Gisdol: Aubameyang "unfair schnell"

Shinji Kagawa direkt nach der Halbzeit, der eingewechselte Ciro Immobile drei Minuten vor dem Ende und Ilkay Gündogan nach feinem Solo in der Schlussminute verpassten freistehend einen möglichen Führungs- oder sogar Siegtreffer. Ganz zu schweigen von Pierre-Emerick Aubameyang, der in der zweiten Hälfte allein dreimal frei vor 1899-Keeper Oliver Baumann auftauchte.

"Aubameyang ist einfach unfair schnell", klagte Hoffenheims Trainer Markus Gisdol ehrfurchtsvoll: "Das ist fast nicht zu verteidigen, wenn der antritt." Lediglich der Killerinstinkt ging dem Gabuner, mit 14 Saisontreffern bester BVB-Torschütze, am Samstag in der Sinsheimer Arena ab.

Hochgeschwindigkeitsfußball mit reihenweise besten Torchancen, aber eine ausgeprägte Fahrlässigkeit beim Verwerten derselben? Der eine oder andere BVB-Fan musste sich erinnert fühlen an jene Mannschaft, die trotz regelmäßigen Chancenwuchers zwischen 2010 und 2013 zu drei nationalen Titeln und einer Finalteilnahme in der Champions League gestürmt war.

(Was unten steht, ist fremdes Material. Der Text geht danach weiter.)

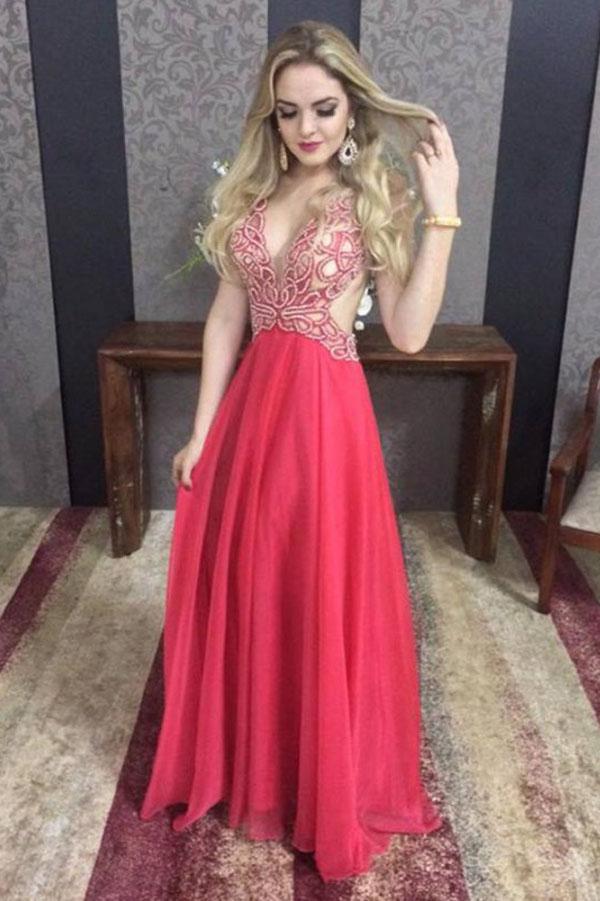 red lace chiffon prom dress Ladivine CD383 - Long Chiffon Sheath Dress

Rückkehr des Gute-Laune-Kloppo

Zeiten, in denen Jürgen Klopp vor und nach den Spielen als strahlender Gute-Laune-Kloppo und während der 90 Minuten als brodelnde Emotionsmaschine jede Menge Sympathien gewann. Wesenszüge, die in den letzten Wochen wieder verstärkt beim Dortmunder Trainer zu beobachten sind.

In Sinsheim stürmte Klopp während des Spiels mehr als einmal in altbekannter Manier auf den Vierten Offiziellen zu, auf der Pressekonferenz war er dann schon wieder zu Späßen aufgelegt.

Wie er das Spektakel in der zweiten Halbzeit als Trainer erlebt habe, wurde der BVB-Coach gefragt. "Ich bin nicht dazu da, dass mir ein Spiel gefällt, oder zum Genießen", antwortete Klopp zunächst sichtlich unbeeindruckt, fügte dann aber mit einem Augenzwinkern an: "Aber wenn es den Leuten gefallen hat, ist das auch in Ordnung. Ist nicht schlimm."

Spektakel gerne - so lange die Ergebnisse stimmen

Das Spektakel, für das er in Dortmund jahrelang so erfolgreich gesorgt hat, gönnt Klopp den BVB-Fans auch in den letzten Wochen seiner Amtszeit nur zu gerne - so lange auch die Ergebnisse stimmen. Obwohl das gegen Hoffenheim nicht der Fall war, sprach Klopp doch davon, dass bei seinem Team gegen Ende des Spiels "ein Ventil aufgegangen" sei.

Er könnte damit genauso gut die Schlussphase dieser lange Zeit so verkorksten Saison gemeint haben. Gut möglich, dass ausgerechnet seine Rücktrittsankündigung den Anstoß dazu gegeben hat.